Content starts
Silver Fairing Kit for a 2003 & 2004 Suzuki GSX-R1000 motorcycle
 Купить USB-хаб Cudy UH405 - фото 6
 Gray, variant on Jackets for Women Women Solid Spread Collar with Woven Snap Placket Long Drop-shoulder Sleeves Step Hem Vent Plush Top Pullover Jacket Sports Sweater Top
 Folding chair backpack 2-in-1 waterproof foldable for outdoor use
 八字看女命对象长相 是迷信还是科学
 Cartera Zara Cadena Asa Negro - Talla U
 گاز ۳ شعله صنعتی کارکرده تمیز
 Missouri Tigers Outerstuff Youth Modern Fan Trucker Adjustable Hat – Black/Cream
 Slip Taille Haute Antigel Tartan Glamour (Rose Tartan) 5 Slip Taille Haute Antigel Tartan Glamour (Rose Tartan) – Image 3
Content ends
Instructions to follow:
Starting at the line with "八字看女命对象长相 是迷信还是科学", copy every line up to and including the last one in the entries above.

Answer to this exercise:
 八字看女命对象长相 是迷信还是科学
 Cartera Zara Cadena Asa Negro - Talla U
 گاز ۳ شعله صنعتی کارکرده تمیز
 Missouri Tigers Outerstuff Youth Modern Fan Trucker Adjustable Hat – Black/Cream
 Slip Taille Haute Antigel Tartan Glamour (Rose Tartan) 5 Slip Taille Haute Antigel Tartan Glamour (Rose Tartan) – Image 3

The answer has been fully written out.